Japanese professional wrestler Antonio Inoki founded a discipline of full-contact karate, fought Muhammad Ali to a draw in a legitimate mixed-martial-arts exhibition, served for six years in the Japanese legislature, and was given a pair of golden swords by Saddam Hussein when he visited Iraq to negotiate the release of prisoners prior to the first Gulf War. Children’s author and poet Shel Silverstein (of “Where the Sidewalk Ends”) also found fame as a wildly successful country-western singer-songwriter, most notably winning a Grammy for writing Johnny Cash’s “A Boy Named Sue”. Children’s author Roald Dahl (of “Matilda”, “The BFG” and “The Witches”) was a World War II flying ace and an MI-6 secret agent; his family buried him with a a set of Ticonderoga pencils, a pool cue, a bottle of burgundy and a power saw. Karol Jozef Wojtyla, the future Pope John Paul II, was among a group of Polish refugees when they were gunned down by a Nazi fighter plane, and the only way that he could justify and explain his own survival among the deaths of countless others was to reassure himself that it was God’s will. That is completely and utterly fascinating, and my role today is to sit here and ruin it with Batman jokes.
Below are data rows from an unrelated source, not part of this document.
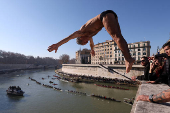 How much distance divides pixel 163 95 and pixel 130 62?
2.32 feet

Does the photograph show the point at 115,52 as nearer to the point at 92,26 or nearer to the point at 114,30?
the point at 92,26

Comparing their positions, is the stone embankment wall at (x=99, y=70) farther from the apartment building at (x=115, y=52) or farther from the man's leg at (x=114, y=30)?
the man's leg at (x=114, y=30)

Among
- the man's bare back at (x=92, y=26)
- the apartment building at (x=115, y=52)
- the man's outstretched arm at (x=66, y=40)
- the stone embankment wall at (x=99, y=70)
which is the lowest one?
the stone embankment wall at (x=99, y=70)

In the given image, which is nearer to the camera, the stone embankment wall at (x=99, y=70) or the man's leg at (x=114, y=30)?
the man's leg at (x=114, y=30)

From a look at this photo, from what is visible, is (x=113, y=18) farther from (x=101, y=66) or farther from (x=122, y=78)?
(x=101, y=66)

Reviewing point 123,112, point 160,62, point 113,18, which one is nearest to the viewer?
point 113,18

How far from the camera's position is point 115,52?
34.3 meters

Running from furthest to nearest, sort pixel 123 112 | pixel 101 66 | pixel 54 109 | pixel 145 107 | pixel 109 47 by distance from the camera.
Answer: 1. pixel 109 47
2. pixel 101 66
3. pixel 54 109
4. pixel 123 112
5. pixel 145 107

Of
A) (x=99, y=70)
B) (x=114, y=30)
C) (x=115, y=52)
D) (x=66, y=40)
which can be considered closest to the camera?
(x=114, y=30)

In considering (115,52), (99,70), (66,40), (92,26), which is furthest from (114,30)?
(115,52)

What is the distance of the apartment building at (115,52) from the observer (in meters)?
29.3

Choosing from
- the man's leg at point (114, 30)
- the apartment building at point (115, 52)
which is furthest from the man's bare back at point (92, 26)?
the apartment building at point (115, 52)

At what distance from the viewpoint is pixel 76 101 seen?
1439 cm

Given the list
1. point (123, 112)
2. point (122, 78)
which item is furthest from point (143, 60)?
point (122, 78) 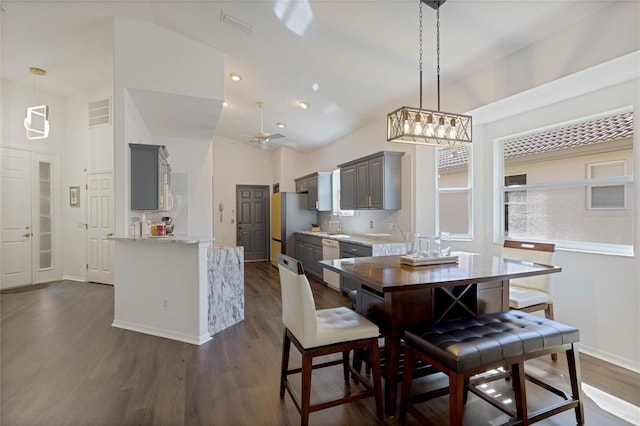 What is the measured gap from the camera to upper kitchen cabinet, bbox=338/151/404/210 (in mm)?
4598

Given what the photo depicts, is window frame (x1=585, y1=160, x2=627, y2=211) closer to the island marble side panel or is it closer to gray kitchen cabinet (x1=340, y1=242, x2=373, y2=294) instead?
gray kitchen cabinet (x1=340, y1=242, x2=373, y2=294)

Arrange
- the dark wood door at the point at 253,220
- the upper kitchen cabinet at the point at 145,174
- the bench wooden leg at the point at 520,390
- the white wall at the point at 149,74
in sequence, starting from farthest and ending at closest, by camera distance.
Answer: the dark wood door at the point at 253,220 → the upper kitchen cabinet at the point at 145,174 → the white wall at the point at 149,74 → the bench wooden leg at the point at 520,390

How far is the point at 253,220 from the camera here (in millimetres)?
9039

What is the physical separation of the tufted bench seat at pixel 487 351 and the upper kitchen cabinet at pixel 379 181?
2730 mm

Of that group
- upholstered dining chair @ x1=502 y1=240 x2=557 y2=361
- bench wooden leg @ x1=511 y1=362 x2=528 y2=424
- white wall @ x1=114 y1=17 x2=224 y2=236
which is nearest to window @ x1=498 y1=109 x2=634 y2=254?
upholstered dining chair @ x1=502 y1=240 x2=557 y2=361

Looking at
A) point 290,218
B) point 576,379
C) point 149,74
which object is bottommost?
point 576,379

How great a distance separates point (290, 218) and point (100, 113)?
13.8 ft

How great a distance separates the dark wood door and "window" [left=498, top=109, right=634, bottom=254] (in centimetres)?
655

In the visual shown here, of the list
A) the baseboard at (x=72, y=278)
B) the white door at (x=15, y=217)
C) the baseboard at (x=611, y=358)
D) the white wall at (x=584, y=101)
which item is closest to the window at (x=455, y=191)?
the white wall at (x=584, y=101)

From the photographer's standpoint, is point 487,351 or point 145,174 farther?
point 145,174

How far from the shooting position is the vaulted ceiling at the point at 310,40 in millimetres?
2675

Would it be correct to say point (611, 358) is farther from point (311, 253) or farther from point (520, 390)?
point (311, 253)

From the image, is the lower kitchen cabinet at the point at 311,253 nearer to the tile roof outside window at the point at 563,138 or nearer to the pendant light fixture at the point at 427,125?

Wojtyla returns to Cracow and works as a forced labourer under the Nazi occupation of Poland, secretly co-founding and performing in the underground Rhapsodic Theatre; after the death of his father in 1941, and after a German military truck hits and hospitalizes him, he turns increasingly to his faith for peace of mind until he ultimately decides that his best contribution to preserve the Polish spirit would be as a priest.

His friends take the news well!

The other fellow in this scene is Mieczyslaw Kotlarczyk, the leader of the theatre troupe Wojtyla joined as a youth and the other co-founder of the Rhapsodic Theatre. Couldn’t tell from the page above that he’s an actor, could you? Ha!

So Wojtyla works at the factory in the day and studies secretly to become a seminarian, until the Warsaw worker revolts of 1944 spook the Germans into suspecting that a nationwide rebellion is coming. To ensure that no revolution ensues, the German army rounds up and detains all able-bodied men in Cracow; Wojtyla escapes capture when they fail to search his whole house, and his priest later tracks him down to sneak him to a hiding place.

Tactical Espionage Action: Metal Gear Poland! And look who it is — our buddy from before, Archbishop of Krakow Adam Stefan Sapieha, who himself was a pretty interesting guy. The Archbishop harbours Wojtyla and at least a dozen other young men in his house until the Russians finally show up and chase the Nazis out of Poland in 1945, at which point the priests are able to go out and start helping out around town.

It was only Earth-616 Karol Wojtyla that went on to become the Pope, as it turns out. Ultimate Wojtyla found an equally rewarding calling in his eventual role as the Poopsmith.

Poland shakes off its Nazi chains, stretches its legs, and is free and independent for like ten minutes before the Yalta conference basically hands Russia the keys to the place. This turn of events made Poland a little discouraged, which is like saying the Legacy Virus made Colossus a little sick. Wojtyla is finally officially ordained by the Archbishop as a priest of the Catholic Church, spends a bit of time studying in Rome at the Archbishop’s behest, and returns to begin educating the youth of the nation.

Oh. Hoo, boy. Well. This is a scene from a different era, that’s for sure.

Ladies, you’re not helping.

Wojtyla returns to Cracow and has collections of the poetry he has written secretly over the past twenty years published in the newspaper, under a pen name, to great acclaim. No, seriously.

Look at that impish little face he’s striking in the bottom left, too. “Yes, who could this brilliant and no doubt devastatingly handsome poet be? The world may never know!”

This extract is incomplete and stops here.